Howard Shorthill, Utah State University
JENSEN, Uintah County — There's some serious science going on at the Split Mountain Garden Center.
The small nursery is home to one of 30 air-quality monitors collecting data in the Uintah Basin this winter — devices that researchers at Utah State University’s Energy Dynamics Lab hope will tell them why the air goes bad in the region when the mercury drops.
“We want to understand what causes the ozone formation. What are the main reactants, the pollutants? And then understand, what are the things we can do to reduce those ozone levels?” said Scott Hill, project manager of the Uintah Basin Winter Ozone Study.
In the first three months of 2011, ground-level ozone exceeded federal standards 26 times in the Uintah Basin, according data gathered by the U.S Environmental Protection Agency.
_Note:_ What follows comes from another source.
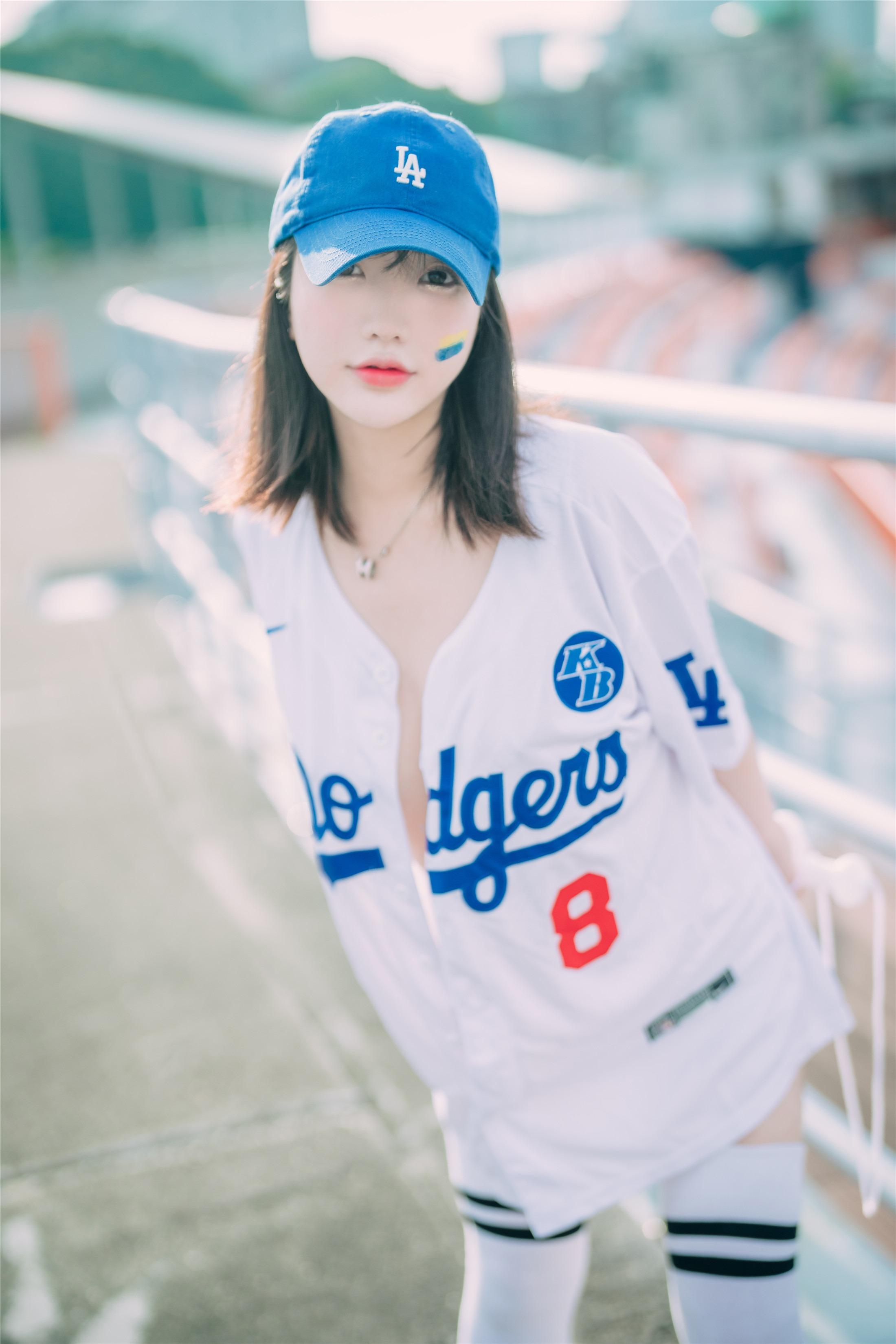 DJAWA] Son Ye-Eun - Cheer Up in the Summer 126P
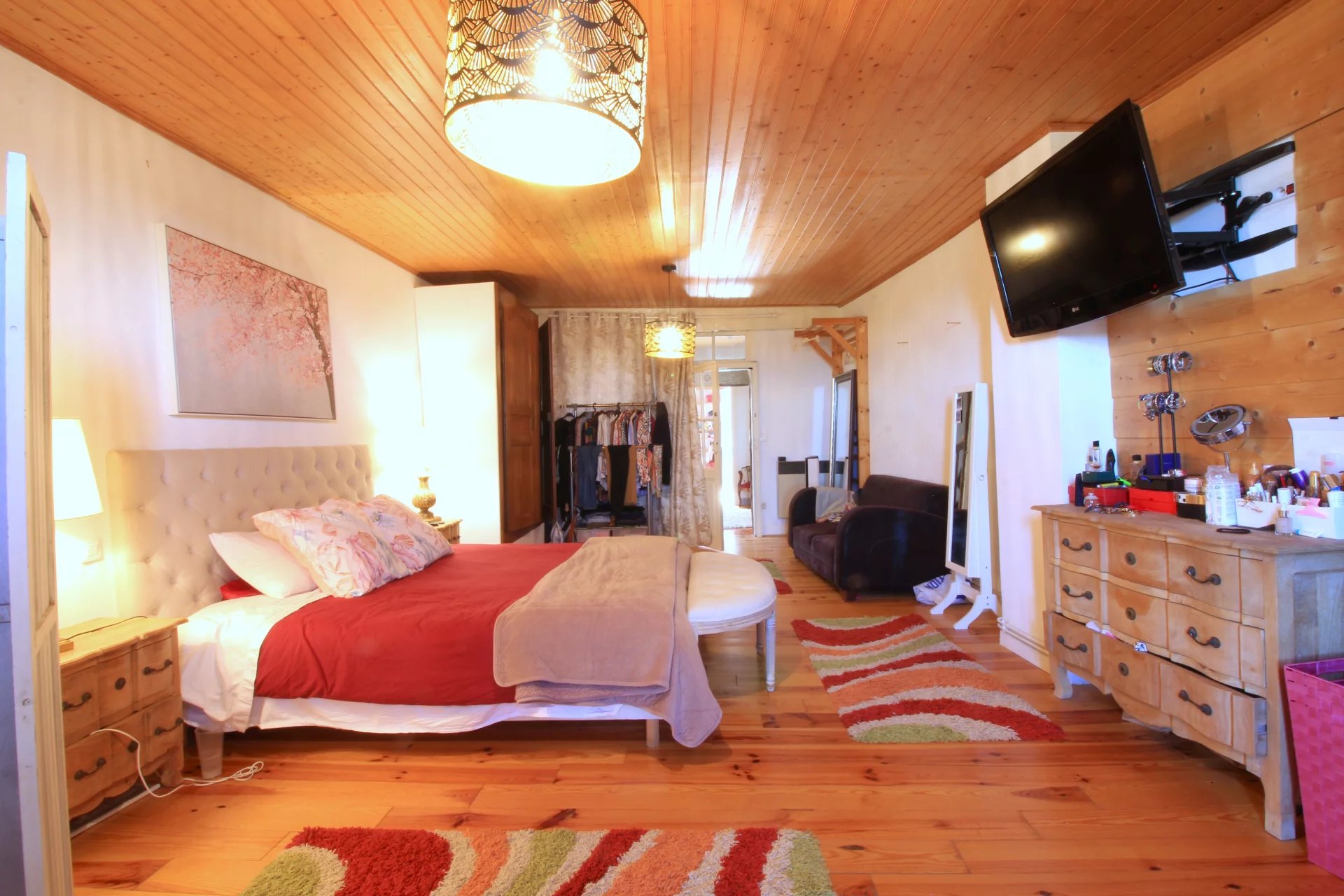 Charming village house with a garage in the bastide of Tournon d’Agenais, Aquitaine – France – BVI83340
That was down from 37 days for the same period in 2010, the agency said.
The EPA is a partner in the Utah State study, as are a number of other federal, state, tribal and county entities, including the U.S. Forest Service, the National Park Service, the Bureau of Land Management, the National Oceanic and Atmospheric Administration, the Utah Department of Environmental Quality, the State School and Institutional Trust Lands Administration, the Ute Indian Tribe, Duchesne and Uintah counties, and the Uintah County Impact Mitigation Special Service District.
Researchers from the University of Colorado-Boulder are also assisting with the study, which has received support and partial funding from the Western Energy Alliance, an oil and natural gas advocacy group.
“This is very unique,” Hill said. “I’ve never been involved in a study that has brought together this many agencies and this many groups focused on a single problem.
“We have some very qualified researchers participating in this,” he added. “This is really a world-class study.”
The exploration for and production of oil and natural gas has been identified as one possible contributor to winter ozone. The processes involved emit large amounts of nitrogen oxides and volatile organic compounds, which are ozone precursors.
The USU study, which is in its second year, is looking into the apparent connection. But the study’s findings aren’t meant to influence EPA regulation of the energy industry, Hill said.
“None of the data that we’re measuring — even though it’s regulatory quality — none of it will be used for regulatory purposes,” he said. “The EPA has its own regulatory monitors set up and those are what will be used for determining regulation.”
One challenge for researchers this year is that there's no snow on the ground in the Uintah Basin. The white stuff is a key component in the creation of winter ozone.
Winter ozone is produced when chemical particles from automobile exhaust and other sources is trapped under an atmospheric inversion and heated up by sunlight reflecting off the snow on the ground.
Researchers targeted this year’s study toward identifying the “detailed chemistry” of winter ozone, Hill said. They may have to rethink their plan of attack, if snow doesn’t arrive soon.
“We probably would scale that study down and do it in a year when there is more snow and more ozone being produced,” Hill said.